GCMS: Gas Chromatography/Mass Spectrometry


What is GCMS?


Gas chromatography and mass spectrometry (GC-MS) are two technologies used together to determine and quantify volatile and semi-volatile organic molecules in a complex mixture by separating out the components individually based on their different retention times.

Each technology involved works differently to bring about the analytical results. Thus, it is important to understand how gas chromatography and mass spectrometry work individually.

How does the Gas Chromatograph work?

The inner workings of the GC are guided by these components: heat inlet, an oven and a fused silica column.

Samples will be dissolved into a volatile organic solvent and injected into the inlet port, where the liquid is vapourised. Once vapourised, the gas (H2) is carried through a column, with each substance being separated at different retention times depending on how they are retained by the stationary phase.
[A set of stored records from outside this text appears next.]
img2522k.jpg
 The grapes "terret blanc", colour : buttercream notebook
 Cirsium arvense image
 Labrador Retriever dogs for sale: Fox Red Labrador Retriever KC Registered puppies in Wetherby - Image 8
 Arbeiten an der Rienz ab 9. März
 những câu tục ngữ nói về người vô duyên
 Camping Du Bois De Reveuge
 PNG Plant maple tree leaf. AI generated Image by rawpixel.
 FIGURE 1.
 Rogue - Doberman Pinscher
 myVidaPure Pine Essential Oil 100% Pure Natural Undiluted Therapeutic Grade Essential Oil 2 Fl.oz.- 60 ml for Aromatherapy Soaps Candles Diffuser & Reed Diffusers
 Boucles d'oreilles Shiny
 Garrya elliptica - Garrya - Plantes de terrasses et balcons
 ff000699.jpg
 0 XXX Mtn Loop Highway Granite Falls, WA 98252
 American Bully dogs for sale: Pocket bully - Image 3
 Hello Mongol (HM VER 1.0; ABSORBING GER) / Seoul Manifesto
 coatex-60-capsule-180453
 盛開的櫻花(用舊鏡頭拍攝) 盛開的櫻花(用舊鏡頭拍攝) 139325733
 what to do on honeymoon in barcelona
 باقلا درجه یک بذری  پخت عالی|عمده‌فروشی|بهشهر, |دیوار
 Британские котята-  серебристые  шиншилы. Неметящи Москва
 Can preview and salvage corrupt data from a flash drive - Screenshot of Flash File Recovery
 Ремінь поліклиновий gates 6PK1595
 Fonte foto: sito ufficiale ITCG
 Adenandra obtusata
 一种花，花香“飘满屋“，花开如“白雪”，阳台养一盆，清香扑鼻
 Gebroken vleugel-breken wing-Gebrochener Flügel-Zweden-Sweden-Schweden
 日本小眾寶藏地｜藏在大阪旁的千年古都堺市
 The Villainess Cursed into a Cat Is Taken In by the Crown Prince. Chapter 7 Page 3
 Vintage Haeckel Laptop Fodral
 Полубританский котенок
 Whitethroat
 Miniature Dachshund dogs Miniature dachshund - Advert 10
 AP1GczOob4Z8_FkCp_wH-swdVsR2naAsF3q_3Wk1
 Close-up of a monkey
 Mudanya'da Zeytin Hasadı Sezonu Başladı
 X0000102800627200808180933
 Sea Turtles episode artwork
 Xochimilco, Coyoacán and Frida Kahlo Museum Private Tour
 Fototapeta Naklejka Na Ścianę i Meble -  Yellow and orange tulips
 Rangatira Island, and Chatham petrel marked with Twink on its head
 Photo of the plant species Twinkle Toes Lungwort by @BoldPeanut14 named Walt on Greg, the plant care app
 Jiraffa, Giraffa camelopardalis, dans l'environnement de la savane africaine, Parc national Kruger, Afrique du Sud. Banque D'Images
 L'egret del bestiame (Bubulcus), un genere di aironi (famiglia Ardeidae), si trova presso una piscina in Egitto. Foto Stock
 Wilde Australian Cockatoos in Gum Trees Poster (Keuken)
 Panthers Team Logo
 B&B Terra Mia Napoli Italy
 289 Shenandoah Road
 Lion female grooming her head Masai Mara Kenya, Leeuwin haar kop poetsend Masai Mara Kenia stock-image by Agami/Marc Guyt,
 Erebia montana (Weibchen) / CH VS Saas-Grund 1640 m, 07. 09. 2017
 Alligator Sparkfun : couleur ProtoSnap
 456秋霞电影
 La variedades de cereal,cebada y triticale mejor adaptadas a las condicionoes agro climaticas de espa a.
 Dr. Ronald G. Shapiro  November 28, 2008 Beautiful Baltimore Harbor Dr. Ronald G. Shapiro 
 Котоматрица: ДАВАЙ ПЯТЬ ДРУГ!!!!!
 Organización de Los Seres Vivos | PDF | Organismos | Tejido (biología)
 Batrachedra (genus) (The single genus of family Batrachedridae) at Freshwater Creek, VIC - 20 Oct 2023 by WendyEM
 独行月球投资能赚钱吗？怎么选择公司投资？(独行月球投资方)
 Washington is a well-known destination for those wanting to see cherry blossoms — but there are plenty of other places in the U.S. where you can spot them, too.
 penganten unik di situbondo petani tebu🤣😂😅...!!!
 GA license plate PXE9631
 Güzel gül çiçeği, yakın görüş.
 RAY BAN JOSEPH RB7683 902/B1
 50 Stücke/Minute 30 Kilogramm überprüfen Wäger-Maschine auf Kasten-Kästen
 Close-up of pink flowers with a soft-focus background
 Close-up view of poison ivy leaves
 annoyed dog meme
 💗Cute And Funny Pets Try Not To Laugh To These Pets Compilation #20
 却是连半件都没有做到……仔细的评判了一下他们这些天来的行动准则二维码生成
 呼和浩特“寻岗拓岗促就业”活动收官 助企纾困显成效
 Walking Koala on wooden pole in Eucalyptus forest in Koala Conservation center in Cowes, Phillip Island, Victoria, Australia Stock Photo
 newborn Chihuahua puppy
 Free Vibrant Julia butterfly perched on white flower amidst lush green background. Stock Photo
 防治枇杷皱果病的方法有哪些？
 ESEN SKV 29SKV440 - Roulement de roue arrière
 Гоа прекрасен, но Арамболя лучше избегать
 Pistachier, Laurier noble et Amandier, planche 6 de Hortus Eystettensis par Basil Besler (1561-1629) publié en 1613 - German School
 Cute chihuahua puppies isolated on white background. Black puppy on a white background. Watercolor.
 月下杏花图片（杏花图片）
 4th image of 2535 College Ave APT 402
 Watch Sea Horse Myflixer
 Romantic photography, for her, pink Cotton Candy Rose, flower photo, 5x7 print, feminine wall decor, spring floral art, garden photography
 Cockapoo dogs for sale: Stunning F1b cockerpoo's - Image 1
Then, the analytes enter the detector (the mass spectrometer) in the order they leave the column. Then a chromatogram graph is produced, giving the results.

How does the Mass Spectrometer work?

The mass spectrometer is used in tandem with the gas chromatograph, as a detector to give results from the test. The separated components that come from the GC, then have a beam of high energy electrons, generated by the electron ionisation source (EI) set to 70 eV, with the consequent formation of electrically charged ions.

This is done to each component, splitting them into ionised fragments. The atoms are ionised through displacing electrons to give positive ions. The fragments will produce results based on their mass (m) and charge (z). The ions are then accelerated and deflected by a magnetic field. When ions are being deflected, their mass will determine how much deflection they undergo. Heavier ions will have a harder time with deflection. Finally, the beam of ions will be detected electrically, by hitting a detection plate.

The MS will produce a graph called a mass spectrum, showing the fragments mass to charge ratio (m/z). The graph will give information, such as the ions “relative abundance” and “relative intensity”. Therefore, the compounds of interest are identified due to their characteristic mass spectrum.